## Exercise details
Among the lines below, copy exactly those from the one with "2012 Ford Fusion SE photo 1" through the one with "Om Mani Padme", counting both ends.

Source records
════════════════

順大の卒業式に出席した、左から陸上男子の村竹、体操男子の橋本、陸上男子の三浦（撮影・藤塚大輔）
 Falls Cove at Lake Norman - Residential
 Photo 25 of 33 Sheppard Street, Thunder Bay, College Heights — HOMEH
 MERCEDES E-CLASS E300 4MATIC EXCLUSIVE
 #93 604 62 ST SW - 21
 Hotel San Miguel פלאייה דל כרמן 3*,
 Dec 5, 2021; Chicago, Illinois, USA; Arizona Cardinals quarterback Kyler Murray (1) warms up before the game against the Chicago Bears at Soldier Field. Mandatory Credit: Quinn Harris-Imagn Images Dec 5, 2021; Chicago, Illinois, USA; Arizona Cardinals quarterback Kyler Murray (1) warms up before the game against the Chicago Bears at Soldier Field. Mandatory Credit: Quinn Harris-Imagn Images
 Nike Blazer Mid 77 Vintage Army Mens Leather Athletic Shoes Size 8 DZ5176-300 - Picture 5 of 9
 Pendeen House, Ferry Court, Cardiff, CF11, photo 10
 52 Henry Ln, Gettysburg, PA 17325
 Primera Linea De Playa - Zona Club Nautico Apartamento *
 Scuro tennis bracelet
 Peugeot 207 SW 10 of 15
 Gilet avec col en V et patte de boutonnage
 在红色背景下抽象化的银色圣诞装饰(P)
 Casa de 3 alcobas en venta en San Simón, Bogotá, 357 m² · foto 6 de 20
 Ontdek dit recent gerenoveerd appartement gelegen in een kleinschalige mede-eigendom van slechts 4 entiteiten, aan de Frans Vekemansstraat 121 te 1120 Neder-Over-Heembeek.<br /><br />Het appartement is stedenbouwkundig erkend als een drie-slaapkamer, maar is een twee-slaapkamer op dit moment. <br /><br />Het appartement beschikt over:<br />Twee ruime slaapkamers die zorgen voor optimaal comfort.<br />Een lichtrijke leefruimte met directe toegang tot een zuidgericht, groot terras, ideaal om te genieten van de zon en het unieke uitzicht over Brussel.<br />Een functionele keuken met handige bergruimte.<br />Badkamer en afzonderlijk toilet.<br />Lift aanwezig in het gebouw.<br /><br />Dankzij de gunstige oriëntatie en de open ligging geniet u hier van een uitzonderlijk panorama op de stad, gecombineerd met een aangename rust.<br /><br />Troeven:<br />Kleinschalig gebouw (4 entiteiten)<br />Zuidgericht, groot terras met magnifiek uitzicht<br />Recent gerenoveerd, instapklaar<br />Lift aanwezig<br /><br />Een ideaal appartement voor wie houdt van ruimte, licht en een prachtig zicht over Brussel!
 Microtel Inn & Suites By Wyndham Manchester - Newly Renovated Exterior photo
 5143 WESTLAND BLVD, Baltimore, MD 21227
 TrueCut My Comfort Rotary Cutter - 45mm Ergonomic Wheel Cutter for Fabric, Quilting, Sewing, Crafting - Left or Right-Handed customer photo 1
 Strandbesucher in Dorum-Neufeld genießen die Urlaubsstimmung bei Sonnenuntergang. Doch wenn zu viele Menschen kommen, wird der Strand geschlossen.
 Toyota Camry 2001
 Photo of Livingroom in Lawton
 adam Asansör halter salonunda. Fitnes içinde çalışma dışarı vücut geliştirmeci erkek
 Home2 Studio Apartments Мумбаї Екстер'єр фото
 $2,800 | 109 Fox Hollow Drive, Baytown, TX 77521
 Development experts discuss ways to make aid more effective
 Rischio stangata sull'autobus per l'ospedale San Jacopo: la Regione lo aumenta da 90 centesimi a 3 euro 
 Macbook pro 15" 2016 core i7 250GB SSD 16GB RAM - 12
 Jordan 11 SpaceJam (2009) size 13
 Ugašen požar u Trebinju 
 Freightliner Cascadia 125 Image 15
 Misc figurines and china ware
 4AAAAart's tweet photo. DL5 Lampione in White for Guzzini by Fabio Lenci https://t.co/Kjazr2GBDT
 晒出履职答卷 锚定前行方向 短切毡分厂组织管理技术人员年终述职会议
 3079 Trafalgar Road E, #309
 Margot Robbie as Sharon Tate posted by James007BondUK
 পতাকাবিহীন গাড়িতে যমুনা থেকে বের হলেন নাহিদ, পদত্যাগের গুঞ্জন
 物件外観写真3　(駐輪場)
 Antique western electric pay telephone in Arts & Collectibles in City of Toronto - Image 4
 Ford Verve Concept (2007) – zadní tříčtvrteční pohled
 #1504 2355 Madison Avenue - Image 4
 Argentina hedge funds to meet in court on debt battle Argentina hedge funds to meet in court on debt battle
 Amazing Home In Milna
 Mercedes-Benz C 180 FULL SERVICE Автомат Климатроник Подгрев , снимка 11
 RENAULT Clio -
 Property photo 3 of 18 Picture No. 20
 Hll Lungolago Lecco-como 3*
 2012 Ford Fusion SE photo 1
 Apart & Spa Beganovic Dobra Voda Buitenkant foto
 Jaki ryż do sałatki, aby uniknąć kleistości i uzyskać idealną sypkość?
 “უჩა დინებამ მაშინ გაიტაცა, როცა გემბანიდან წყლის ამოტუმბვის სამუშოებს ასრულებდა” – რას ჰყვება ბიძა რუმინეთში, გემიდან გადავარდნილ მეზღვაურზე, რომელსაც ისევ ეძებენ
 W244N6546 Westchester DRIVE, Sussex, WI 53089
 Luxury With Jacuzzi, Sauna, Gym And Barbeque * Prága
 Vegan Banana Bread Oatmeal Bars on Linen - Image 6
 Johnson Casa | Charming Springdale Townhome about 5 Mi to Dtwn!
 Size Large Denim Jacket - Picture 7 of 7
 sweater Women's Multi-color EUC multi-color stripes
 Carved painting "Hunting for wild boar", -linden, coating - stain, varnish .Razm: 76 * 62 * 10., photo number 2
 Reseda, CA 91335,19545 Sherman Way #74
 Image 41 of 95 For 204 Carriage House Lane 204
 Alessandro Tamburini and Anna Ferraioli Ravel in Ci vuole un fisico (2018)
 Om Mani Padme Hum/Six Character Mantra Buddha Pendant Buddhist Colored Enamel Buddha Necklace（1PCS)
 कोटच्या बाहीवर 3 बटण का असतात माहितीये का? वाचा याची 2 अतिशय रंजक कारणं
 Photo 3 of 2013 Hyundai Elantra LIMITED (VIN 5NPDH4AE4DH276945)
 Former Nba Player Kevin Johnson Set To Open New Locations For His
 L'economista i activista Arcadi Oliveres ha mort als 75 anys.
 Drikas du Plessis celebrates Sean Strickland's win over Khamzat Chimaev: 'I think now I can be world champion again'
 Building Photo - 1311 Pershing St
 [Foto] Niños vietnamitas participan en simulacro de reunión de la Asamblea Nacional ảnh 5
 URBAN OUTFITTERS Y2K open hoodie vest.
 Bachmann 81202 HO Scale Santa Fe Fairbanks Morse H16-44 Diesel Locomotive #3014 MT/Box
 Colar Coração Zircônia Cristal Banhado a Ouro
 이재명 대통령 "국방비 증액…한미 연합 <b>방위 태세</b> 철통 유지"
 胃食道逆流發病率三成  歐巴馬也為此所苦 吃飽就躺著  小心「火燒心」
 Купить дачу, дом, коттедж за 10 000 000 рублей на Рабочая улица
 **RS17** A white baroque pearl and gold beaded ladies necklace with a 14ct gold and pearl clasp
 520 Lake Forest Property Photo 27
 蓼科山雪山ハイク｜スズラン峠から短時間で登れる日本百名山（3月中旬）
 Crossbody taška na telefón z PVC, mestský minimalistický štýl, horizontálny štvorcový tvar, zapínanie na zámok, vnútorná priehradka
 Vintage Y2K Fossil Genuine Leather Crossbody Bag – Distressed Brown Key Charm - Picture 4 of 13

════════════════

## Completed task
 2012 Ford Fusion SE photo 1
 Apart & Spa Beganovic Dobra Voda Buitenkant foto
 Jaki ryż do sałatki, aby uniknąć kleistości i uzyskać idealną sypkość?
 “უჩა დინებამ მაშინ გაიტაცა, როცა გემბანიდან წყლის ამოტუმბვის სამუშოებს ასრულებდა” – რას ჰყვება ბიძა რუმინეთში, გემიდან გადავარდნილ მეზღვაურზე, რომელსაც ისევ ეძებენ
 W244N6546 Westchester DRIVE, Sussex, WI 53089
 Luxury With Jacuzzi, Sauna, Gym And Barbeque * Prága
 Vegan Banana Bread Oatmeal Bars on Linen - Image 6
 Johnson Casa | Charming Springdale Townhome about 5 Mi to Dtwn!
 Size Large Denim Jacket - Picture 7 of 7
 sweater Women's Multi-color EUC multi-color stripes
 Carved painting "Hunting for wild boar", -linden, coating - stain, varnish .Razm: 76 * 62 * 10., photo number 2
 Reseda, CA 91335,19545 Sherman Way #74
 Image 41 of 95 For 204 Carriage House Lane 204
 Alessandro Tamburini and Anna Ferraioli Ravel in Ci vuole un fisico (2018)
 Om Mani Padme Hum/Six Character Mantra Buddha Pendant Buddhist Colored Enamel Buddha Necklace（1PCS)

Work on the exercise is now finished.